The Spanish jazz trio DAMUG’s name is an acronym created from the name of pianist, composer and leader David Muñoz Guillamon. But it’s not a one-man show: the music this trio makes is a splendid example of three-way synergy as Guillamon makes lively, accessible jazz with drummer/percussionist Martí Hosta and bassist Manolo López.
This music is redolent of the folk music in Guillamon’s home in the Catalan region of Montserrat (Barcelona), with additional influences from Cuba and from Spain’s Celtic region of Galicia. Guillamon started out as a self-taught pianist, but he has also studied composition, performance and improvization at the Taller de Músics (Barcelona) and the Instituto Superior de Arte in Havana during a two year stay in Cuba. I didn’t realize until I started preparing this review that Martí Hosta has played with two of my favorite Spanish roots acts: The now defunct Celtic band Keympa!, and the polyglot folk singer Eliseo Parra. Another alumnus of Barcelona’s Taller de Músics, he has played everything from flamenco to jazz fusion with Spanish and world music acts too numerous to mention. Likewise bassist López has played with everybody, in styles ranging from pop, rock, funk, thrash metal to jazz, folk and world music.
With all of those musical threads running through the lives of these three musicians, you’d expect that this would not be your usual jazz trio. And you’d be right. The album opens with a sensual arco bass on “Palohumano,” joined by the joyous piano melody and Hosta’s fusionistic drumming, all crisply recorded with lots of air for the parts to expand sonically. It’s immediately apparent that bassist López will have equal time with Guillamon’s piano, and that Hosta’s drumming and percussion will do more than keep the beat but will complement and comment on the melodies worked by the other two.

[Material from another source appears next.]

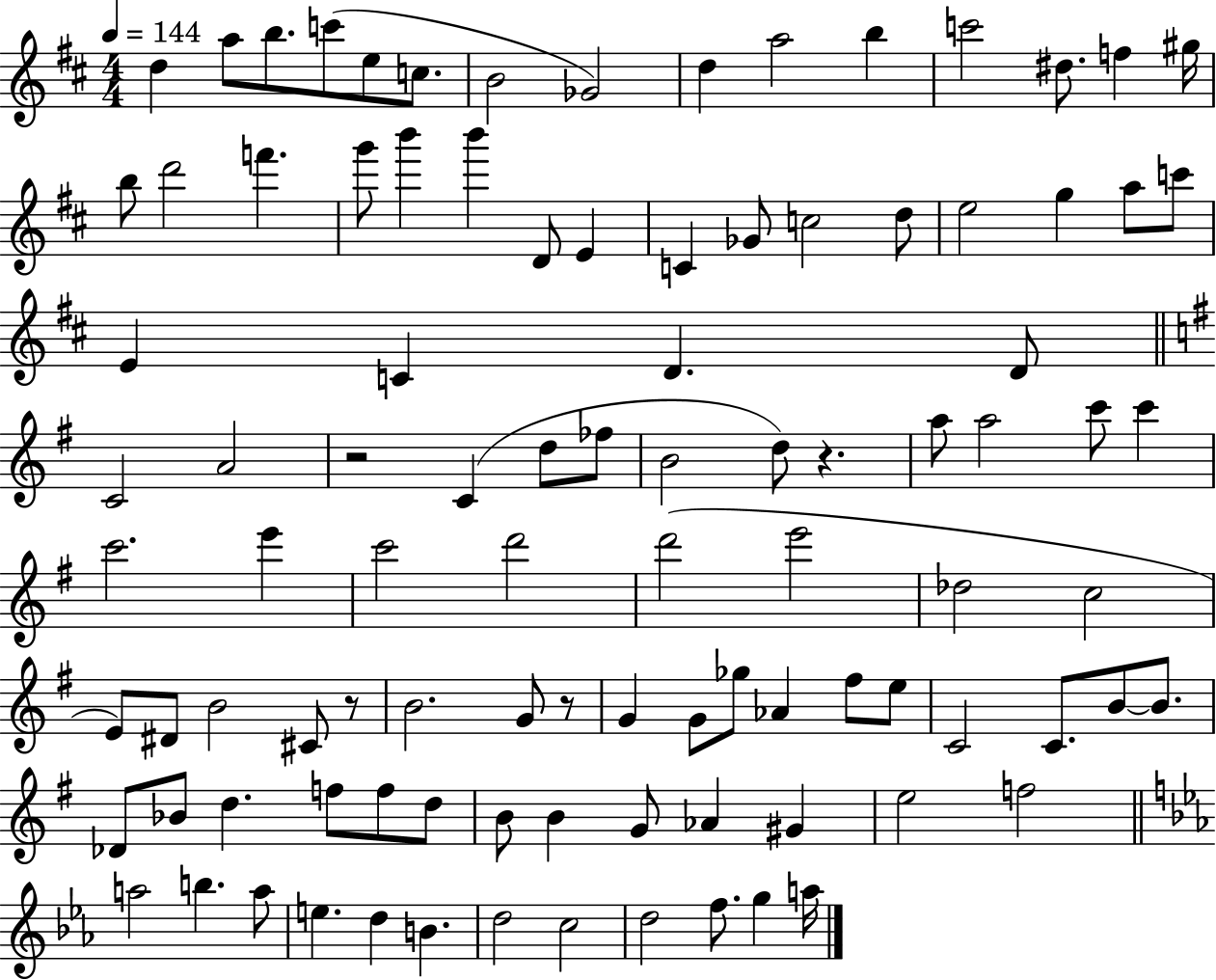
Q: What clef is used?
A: treble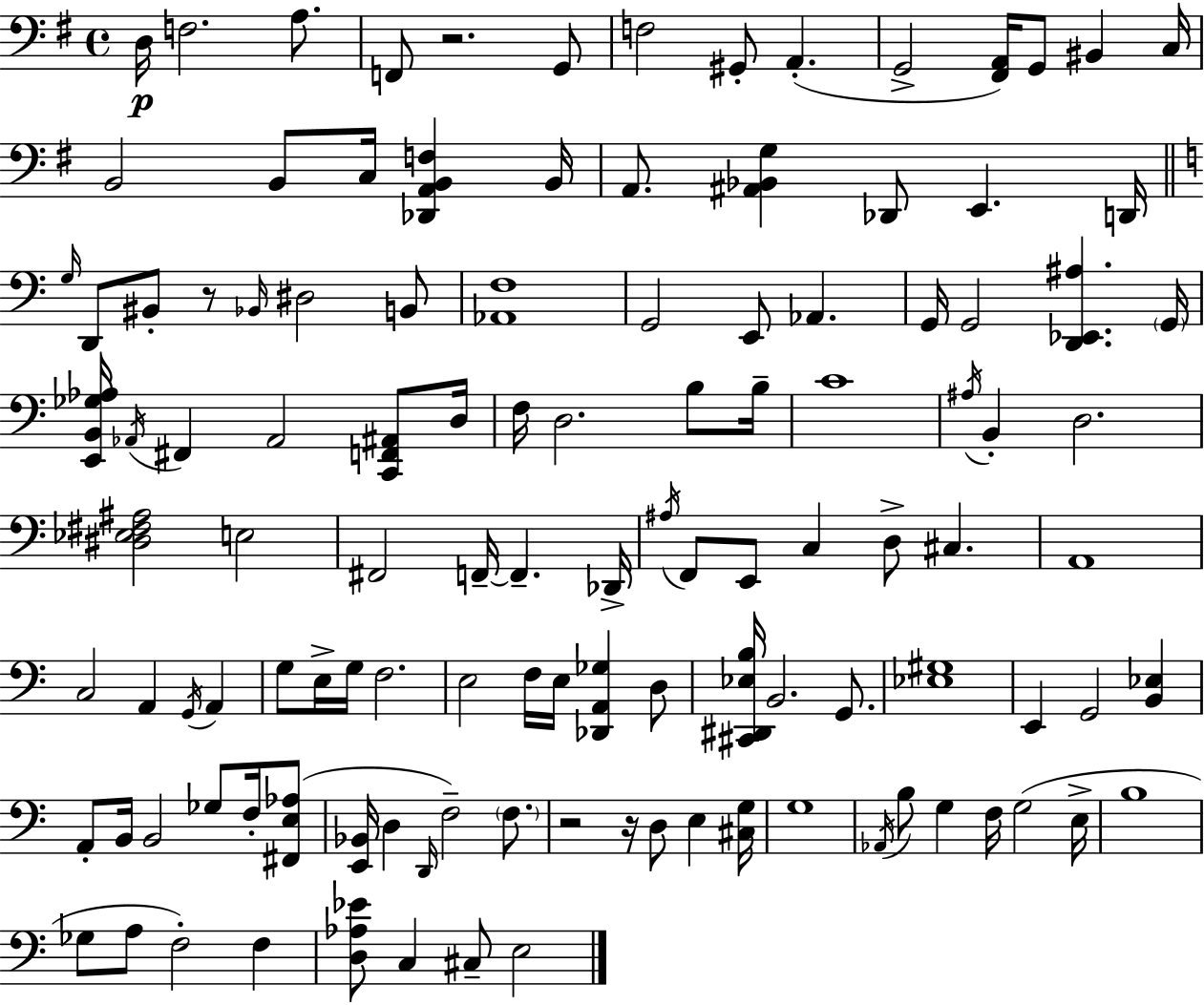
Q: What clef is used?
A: bass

There’s a wonderfully complex section of interplay between piano and bass in the second track “Anaoiram,” as the two musicians somehow combine the techniques of counterpoint and improvization through much of the song, an impressive feat that speaks to the intuitive communication among the players. For a more traditional jazz feel, on “El Gallo” the melody weaves back and forth between pianoo and plucked double bass, against the backdrop of Hosta’s skittery brushed snare.
The album pivots on the title track “ODO (Ofrenda Del Origen),” which I think refers to a memorial altar for a loved family member who has died, containing pictures and mementos and representations of favorite foods, etc. The piece is a multilayered 10 minute exploration of mood and melody and rhythm that, according to the liner notes, “suggests that the possibility of believing and creating in music will depend on our senses.” I’m not sure how to interpret that, but to me it might mean being awake to the world around you, both physically and spiritually, and that’s something this music definitely represents.
Other higlights include he mixed-meter dance of “Seie Cuadros” the complementary pizzicato bass and prepared piano on “La Matrix,” the early 70s Return to Forever style fusion of “Nuevo Mundo,” and the almost straight jazz of “Soraserá” with its softly galloping rhythm, languid piano melody, and the lightly stuttering bass line that binds the two together. DAMUG’s “Ofrenda Del Origen” is jazz to make you believe in the healing power of music.